Group of African American women, enslaved or newly freed, holding babies outside cabins, Sam A. Cooley, Port Royal, South Carolina, circa 1860, courtesy of the Beaufort County Library.

Enslaved women in the Lowcountry, like those elsewhere in the South, relied heavily on each other for moral and practical support. The large Lowcountry rice and cotton plantations enabled enslaved women to cultivate matrifocal, or women-centered, networks based on gendered camaraderie that spanned all generations. Particularly important was the impartation of knowledge by elder women to those younger than themselves, especially daughters and granddaughters. Women shared ideas about how to survive enslavers’ sexual assaults, how to control their fertility, discussed abortifacients, and how best to negotiate pregnancy, birth and childcare thereafter. Women’s networks hence enabled their survival, and sometimes even their resistance to the regime, and they also promoted a sense of collective female agency in the fight for security, safety, and health.

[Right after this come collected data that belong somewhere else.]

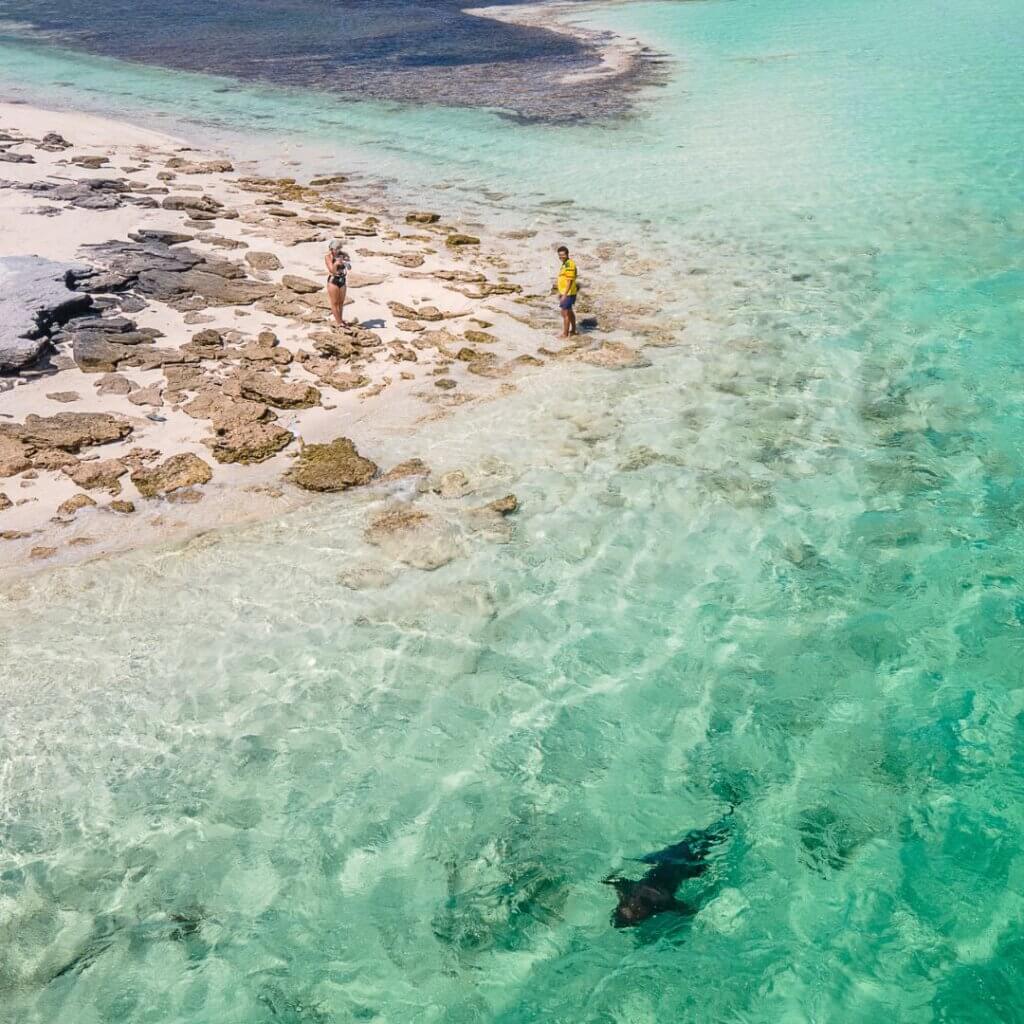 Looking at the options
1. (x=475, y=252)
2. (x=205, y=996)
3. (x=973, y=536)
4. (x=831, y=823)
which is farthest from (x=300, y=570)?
(x=475, y=252)

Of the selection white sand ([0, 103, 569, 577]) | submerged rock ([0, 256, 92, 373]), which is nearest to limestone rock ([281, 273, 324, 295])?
white sand ([0, 103, 569, 577])

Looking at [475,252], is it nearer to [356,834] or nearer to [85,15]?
[356,834]

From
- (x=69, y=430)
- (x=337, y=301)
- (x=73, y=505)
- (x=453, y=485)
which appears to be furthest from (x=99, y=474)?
(x=337, y=301)

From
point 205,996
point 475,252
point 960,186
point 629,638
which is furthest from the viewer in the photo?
point 960,186

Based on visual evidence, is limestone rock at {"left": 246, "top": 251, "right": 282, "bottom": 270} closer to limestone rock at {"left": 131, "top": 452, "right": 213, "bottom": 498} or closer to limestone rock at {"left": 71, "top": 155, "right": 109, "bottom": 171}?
limestone rock at {"left": 131, "top": 452, "right": 213, "bottom": 498}

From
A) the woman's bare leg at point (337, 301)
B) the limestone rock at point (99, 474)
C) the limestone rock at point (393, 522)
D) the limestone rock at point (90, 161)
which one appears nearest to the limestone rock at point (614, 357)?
the woman's bare leg at point (337, 301)
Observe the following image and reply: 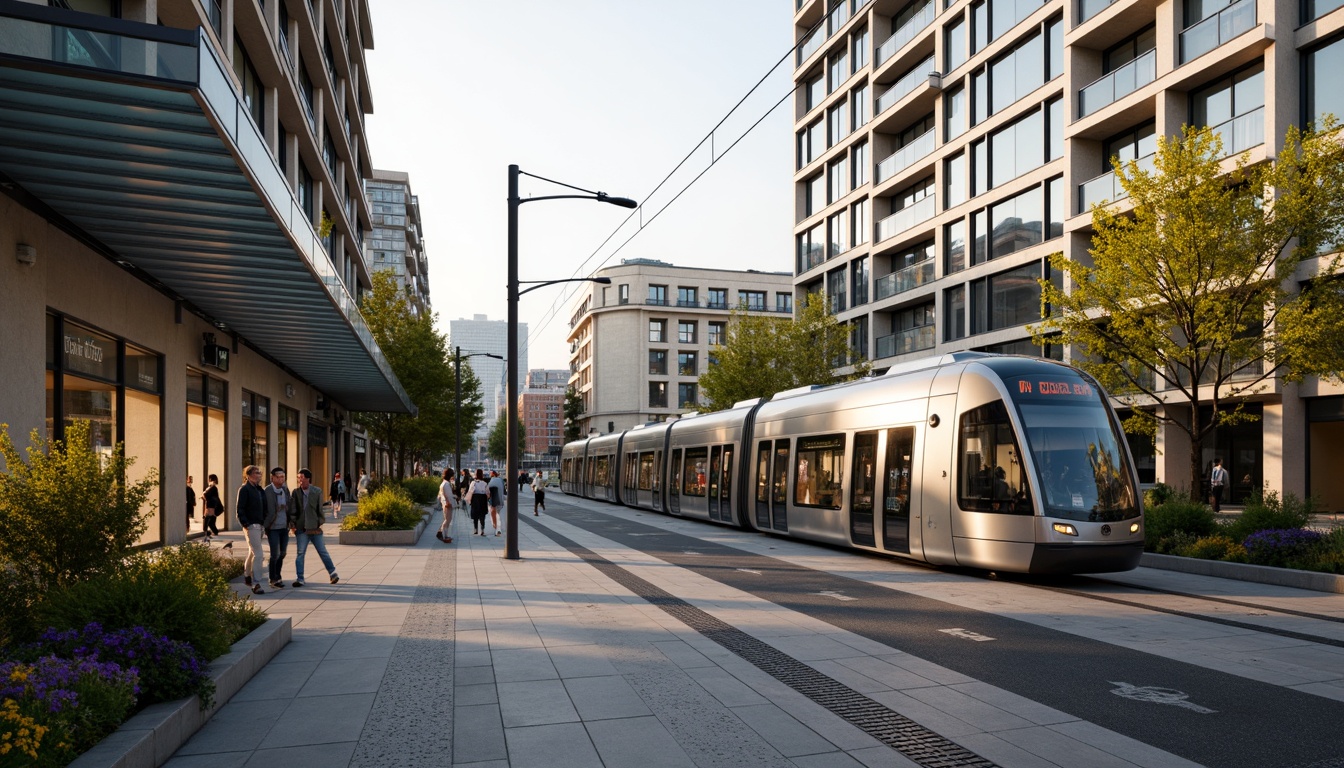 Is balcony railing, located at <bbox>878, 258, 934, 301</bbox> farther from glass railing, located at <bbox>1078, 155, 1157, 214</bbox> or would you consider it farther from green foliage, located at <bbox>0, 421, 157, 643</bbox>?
green foliage, located at <bbox>0, 421, 157, 643</bbox>

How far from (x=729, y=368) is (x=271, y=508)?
29296 millimetres

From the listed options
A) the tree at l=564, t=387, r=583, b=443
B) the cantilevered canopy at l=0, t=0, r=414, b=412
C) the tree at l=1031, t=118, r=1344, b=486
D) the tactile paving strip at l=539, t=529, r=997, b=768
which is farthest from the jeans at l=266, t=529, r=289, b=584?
the tree at l=564, t=387, r=583, b=443

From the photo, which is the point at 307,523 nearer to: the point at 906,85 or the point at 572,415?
the point at 906,85

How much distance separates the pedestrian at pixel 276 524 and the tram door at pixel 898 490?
29.9 ft

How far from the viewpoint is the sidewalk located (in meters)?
5.40

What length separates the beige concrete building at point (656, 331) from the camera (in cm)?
8812

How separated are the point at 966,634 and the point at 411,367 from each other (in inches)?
1387

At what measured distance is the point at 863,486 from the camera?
15.8 m

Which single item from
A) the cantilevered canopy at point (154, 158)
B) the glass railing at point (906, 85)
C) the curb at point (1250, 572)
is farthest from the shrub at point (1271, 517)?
the glass railing at point (906, 85)

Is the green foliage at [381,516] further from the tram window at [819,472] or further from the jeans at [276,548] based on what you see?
the tram window at [819,472]

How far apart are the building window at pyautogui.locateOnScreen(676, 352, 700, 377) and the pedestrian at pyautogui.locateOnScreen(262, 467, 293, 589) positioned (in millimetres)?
75792

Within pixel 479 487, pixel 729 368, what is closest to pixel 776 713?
pixel 479 487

Enslaved mothers in particular often relied on other women to care for their children while they worked for enslavers or performed family chores, especially those who were single parents or who had abroad marriages. Although some mothers carried their children with them as they labored, this was not always practical. So elderly women or younger girls often performed childcare roles, and on some of the largest plantations, slaveholders implemented more formal nurseries where women cared for infants and children:

"Dey had an old woman in de yard to house to stay dere en mind all de plantation chillen till night come, while dey parents was workin. Dey would let de chillun go home wid dey mammy to spend de night en den she would have to march dem right back to de yard de next morning."

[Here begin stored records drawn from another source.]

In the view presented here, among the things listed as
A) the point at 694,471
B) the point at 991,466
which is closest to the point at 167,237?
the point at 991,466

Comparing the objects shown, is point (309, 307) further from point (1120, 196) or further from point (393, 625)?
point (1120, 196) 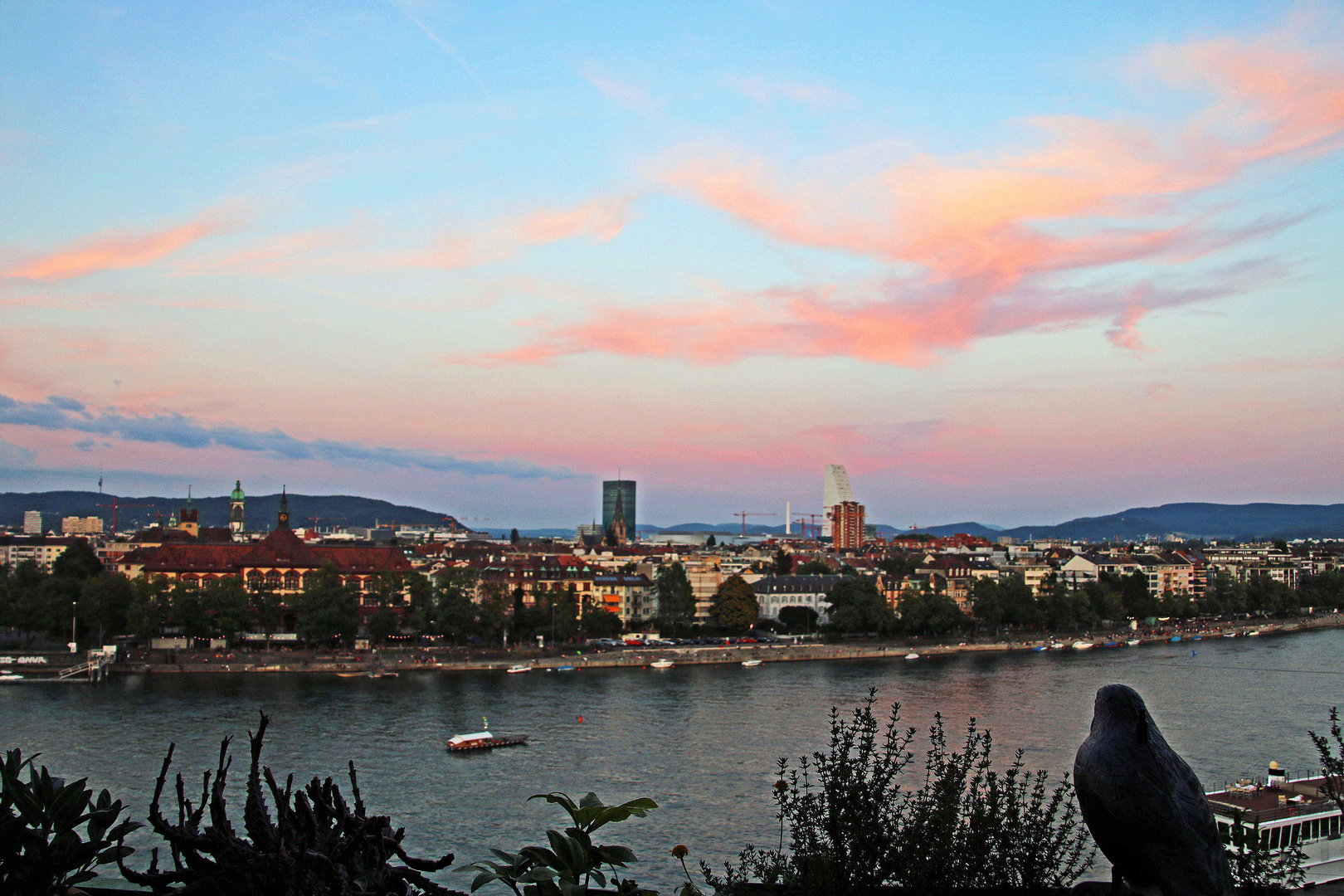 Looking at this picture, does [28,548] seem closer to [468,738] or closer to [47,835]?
[468,738]

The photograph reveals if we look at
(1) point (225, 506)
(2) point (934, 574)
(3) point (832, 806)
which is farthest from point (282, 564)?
(1) point (225, 506)

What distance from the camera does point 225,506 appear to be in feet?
441

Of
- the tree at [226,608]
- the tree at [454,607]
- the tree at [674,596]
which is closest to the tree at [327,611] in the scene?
the tree at [226,608]

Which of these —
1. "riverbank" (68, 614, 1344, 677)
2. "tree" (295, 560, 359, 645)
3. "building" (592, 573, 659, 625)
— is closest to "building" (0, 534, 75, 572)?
"tree" (295, 560, 359, 645)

Ryer Emmanuel, interview with Federal Writers' Project, South Carolina, circa 1936

On large Lowcountry plantations in particular, women could build up networks of support and camaraderie among fellow women whether they worked in the house or the field since gender often dictated work patterns. Women worked and socialized with each other, which resulted in networks of cooperation and the formation of interdependent bonds. At the end of the day, women might spin or weave together when enforced to complete "extra" work by slaveholders or, more pleasurably, they talked as they quilted together scraps of fabric. Along with their family members, Lowcountry women also made beautiful and functional sweetgrass baskets that might be bartered or sold, a tradition that continues to the present day.

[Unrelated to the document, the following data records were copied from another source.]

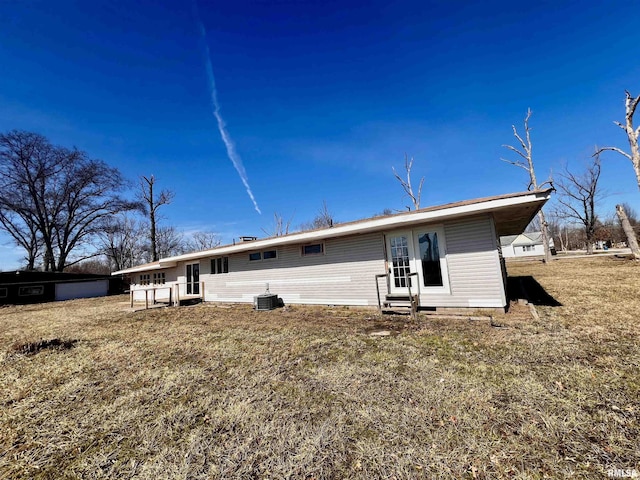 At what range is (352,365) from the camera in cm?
391

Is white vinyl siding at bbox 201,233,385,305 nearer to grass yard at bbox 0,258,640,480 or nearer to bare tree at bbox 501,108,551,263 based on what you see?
grass yard at bbox 0,258,640,480

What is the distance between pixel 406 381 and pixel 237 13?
43.3 feet

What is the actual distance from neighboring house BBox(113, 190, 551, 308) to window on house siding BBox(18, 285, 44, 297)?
69.1 feet

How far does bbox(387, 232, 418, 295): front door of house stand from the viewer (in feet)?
25.4

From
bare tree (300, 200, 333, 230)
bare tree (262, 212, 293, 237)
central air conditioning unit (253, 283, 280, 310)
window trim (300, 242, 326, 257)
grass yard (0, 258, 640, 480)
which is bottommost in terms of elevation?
grass yard (0, 258, 640, 480)

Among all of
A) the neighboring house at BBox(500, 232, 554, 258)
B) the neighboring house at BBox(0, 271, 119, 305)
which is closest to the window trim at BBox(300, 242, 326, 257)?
the neighboring house at BBox(0, 271, 119, 305)

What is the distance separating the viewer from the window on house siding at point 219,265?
44.2ft

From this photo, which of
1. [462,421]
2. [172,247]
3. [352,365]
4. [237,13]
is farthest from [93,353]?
[172,247]

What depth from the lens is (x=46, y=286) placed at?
901 inches

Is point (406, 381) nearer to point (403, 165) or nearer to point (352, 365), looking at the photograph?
point (352, 365)

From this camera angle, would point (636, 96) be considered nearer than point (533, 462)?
No

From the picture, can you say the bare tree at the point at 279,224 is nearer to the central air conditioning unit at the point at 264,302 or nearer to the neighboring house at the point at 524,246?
the central air conditioning unit at the point at 264,302

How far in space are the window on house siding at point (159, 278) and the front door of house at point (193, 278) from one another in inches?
110

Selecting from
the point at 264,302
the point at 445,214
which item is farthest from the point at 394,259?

Engraving titled "Heading Herring" depicting a group of women cleaning fish, from Harper's Weekly Magazine, New York, New York, 1866, courtesy of the Internet Archive.

Engraving titled Heading Herring depicting a group of women cleaning fish, from Harper's Weekly Magazine, New York, New York, 1866, courtesy of the Internet Archive.

All members of enslaved communities revered and respected elderly enslaved women, especially those who performed important roles for other enslaved people, for example, midwives, religious leaders, or sometimes plantation cooks who might pass on news or foodstuffs and other provisions from the big house. From these senior women, whether they were biological relations or community elders, younger women learned how to cope with the everyday onslaughts of slavery, and how, as females, to survive and sometimes resist the regime. For women, the notion of "kin" assumed a wider role than simply those with whom one had blood-ties. They used the  terms "granny," "aunt," and "sister" for women they trusted, respected and admired. Over the course of their lifecycles, women’s camaraderie and supportive matrifocal networks helped each other cope with the onslaughts and rigors of enslavement.